A “very limited” number of terminally ill people in severe pain who have the mental competence to decide they want to end their lives but cannot do so unaided should be permitted a lawful assisted suicide, the Supreme Court has been told.
Marie Fleming, who is in the final stages of multiple sclerosis, is among that limited number and is entitled to a “dignified” death, her counsel Brian Murray said. The consequence of the ban on assisted suicide meant she faced a “painful, humiliating and distressing death”.
In the very particular circumstances of Ms Fleming, the absolute ban amounts to an unjustified and disproportionate breach of her personal autonomy rights, he argued.
Ms Fleming is not seeking to have another person kill her but is prepared to take the necessary steps herself, he said. Due to her physical difficulties, she cannot do so without assistance. The High Court, in rejecting her case, failed to have regard to just how limited the scope of her claim is.
Possibility of abuse
How could the State show how people who would not otherwise die would be brought to death if Ms Fleming won this case, he asked.
The possibility of abuse could not mean a right as fundamental as hers could be restricted, and the State’s interest in the sanctity of her life could not prevent her bringing about the kind of death she seeks.
The State is not entitled to say her life must be continued “at all costs” and cannot condemn her to endure what the rest of society would not tolerate, he argued. “The right to life is not absolute. The acknowledgement of the sanctity of life does not dictate an unwavering adherence to the maintenance of life at all costs.”

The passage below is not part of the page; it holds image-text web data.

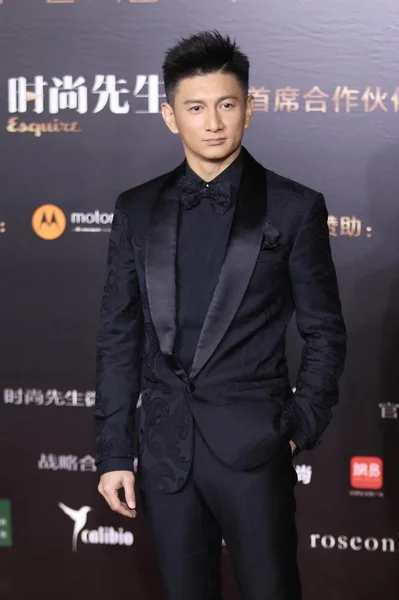 Cantante Actor Taiwanés Nicky Llega Alfombra Roja Para Esquire Man — Foto de Stock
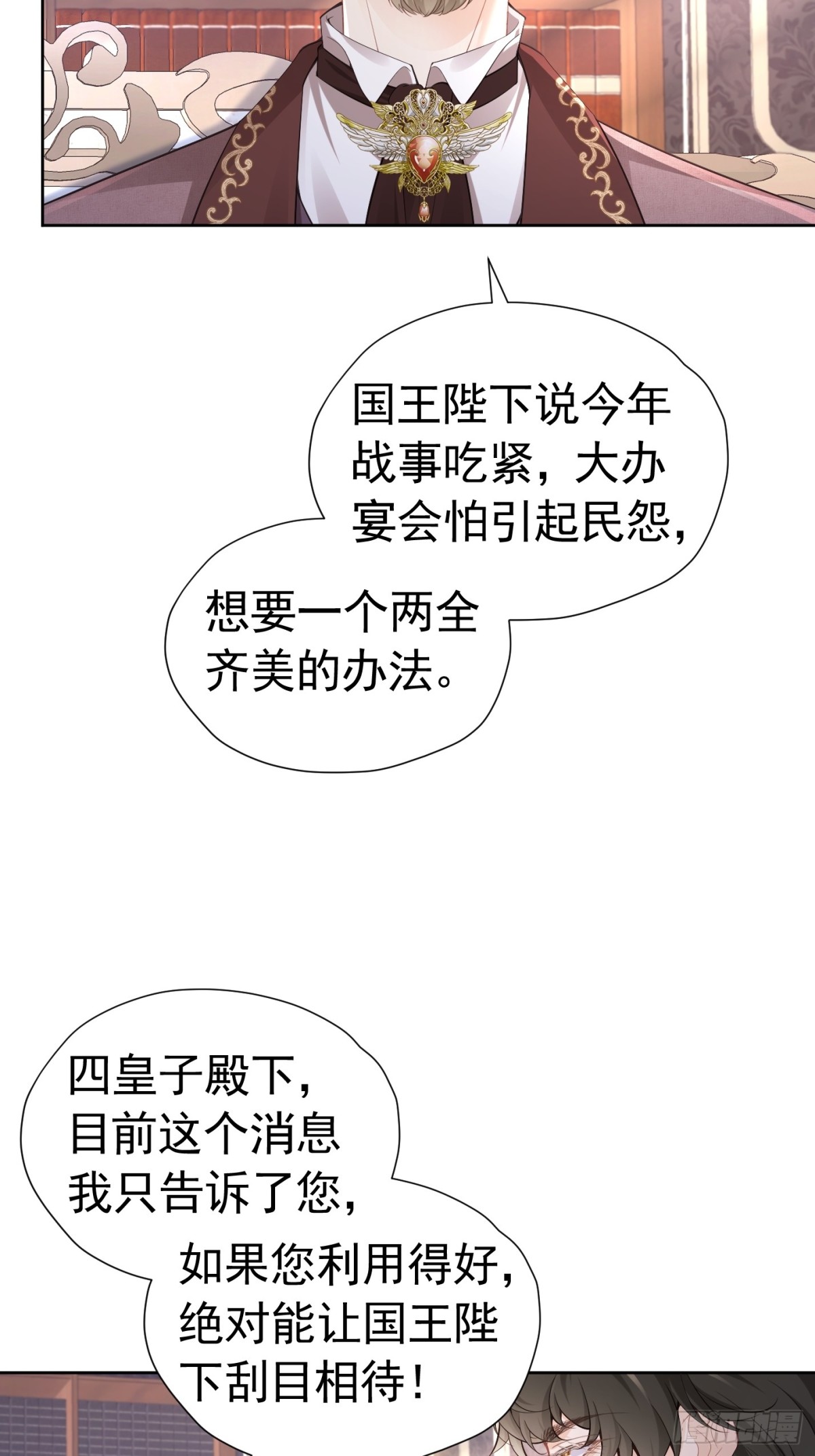 084 姐弟疏离-第89话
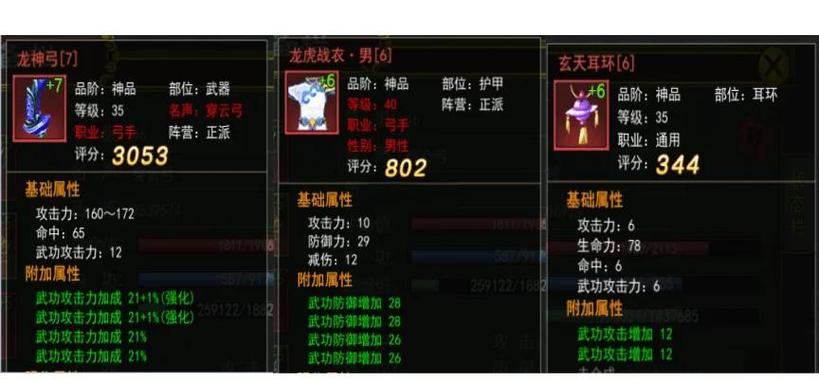 霸气江湖攻略(霸气江湖加强版)-第2张图片-益智游 霸气江湖攻略(霸气江湖加强版)-第2张图片-益智游
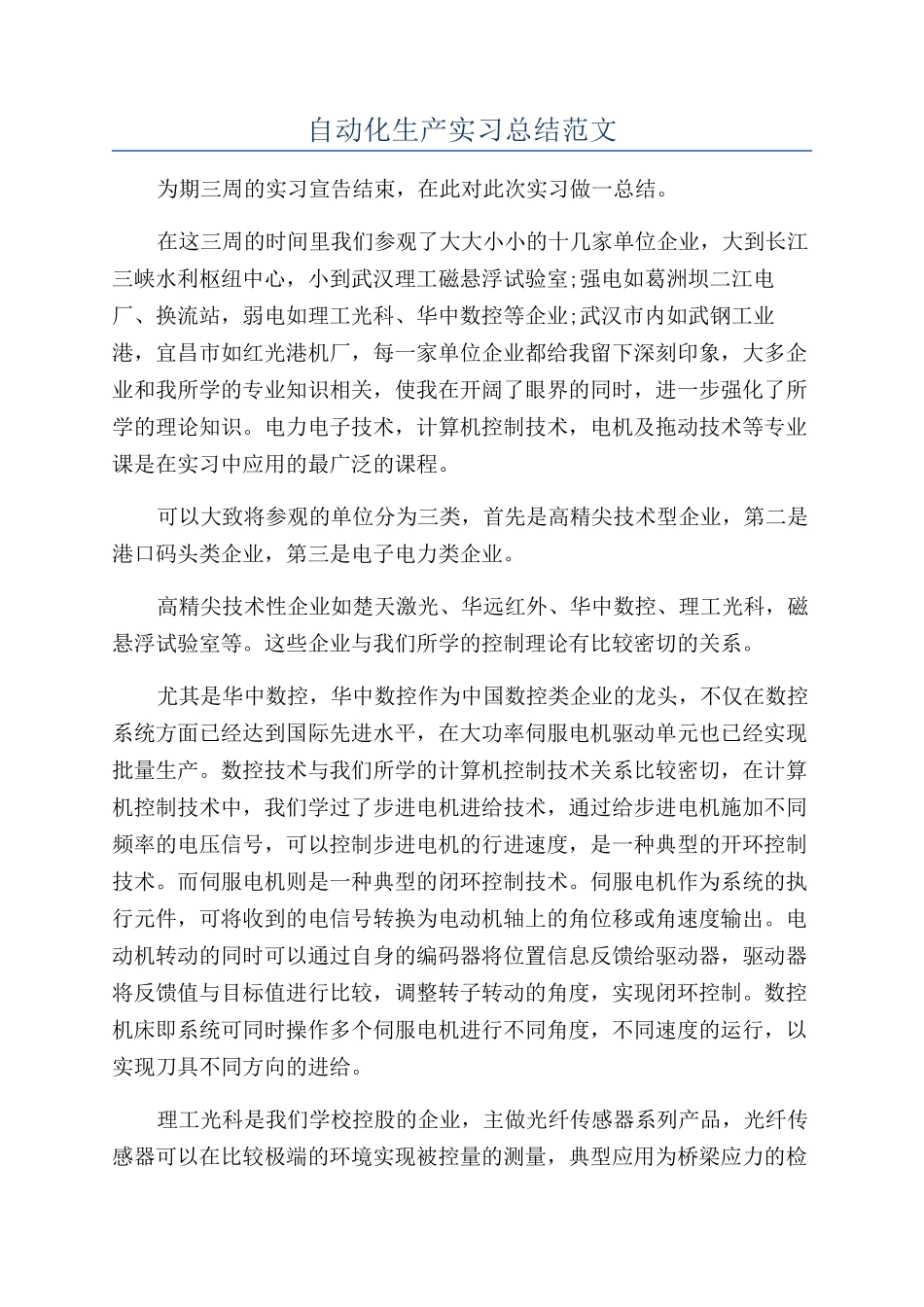 自动化生产实习总结范文_第1页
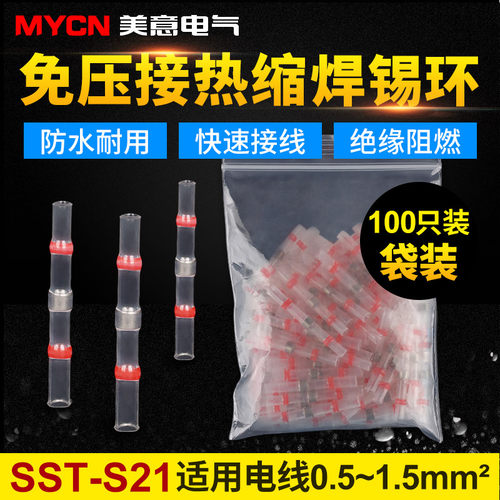 宗意焊锡环热缩管接线端子防水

Mr Murray was opening the appeal by Ms Fleming (59), who lives in Co Wicklow, before a seven-judge Supreme Court against a High Court decision she cannot be lawfully assisted in taking her own life at a time of her choice.
A three-judge High Court ruled last month the absolute ban on assisted suicide in section 2.2 of the Criminal Law Suicide Act 1993 does not disproportionately infringe Ms Fleming’s rights and is wholly justified in the public interest to protect vulnerable people.
The High Court also ruled the Director of Public Prosecutions cannot issue guidelines setting out what factors she would consider in deciding whether to prosecute cases of assisted suicide. The court added it was “sure” the DPP would adopt a “humane and sensitive” approach to Ms Fleming’s plight and she is not appealing that aspect.
Yesterday, Mr Murray agreed Ms Fleming’s claim can be described as asserting a constitutional right to commit suicide but said that description did not do full justice to her claim. The exercise of a right to determine the course of one’s own life includes a right to decide the time and manner in which it will end, he said.
May be ‘locked in’
Ms Fleming will physically further deteriorate and may perhaps experience an increase in choking which she has found so distressing, lose the limited movement of her head, her ability to communicate and may be “locked in”, he said.
She may also face a painful death or a death after she becomes comatose and knows she can do nothing about that, he said. It was a “cruel irony”, he said, that if she were able-bodied she would be able to take her own life and she regretted she had not done so earlier when she was physically able.
In its judgment in another case permitting the withdrawal of treatment from a woman in a permanent vegetative state, the Supreme Court had accepted the right to life is not absolute, he said. While the facts of that case differed, it confirmed there is an entitlement to a dignified death covered by Article 41.3.2 of the Constitution.
“To free the dying from suffering is in itself an aspect of the sanctity of life,” he argued.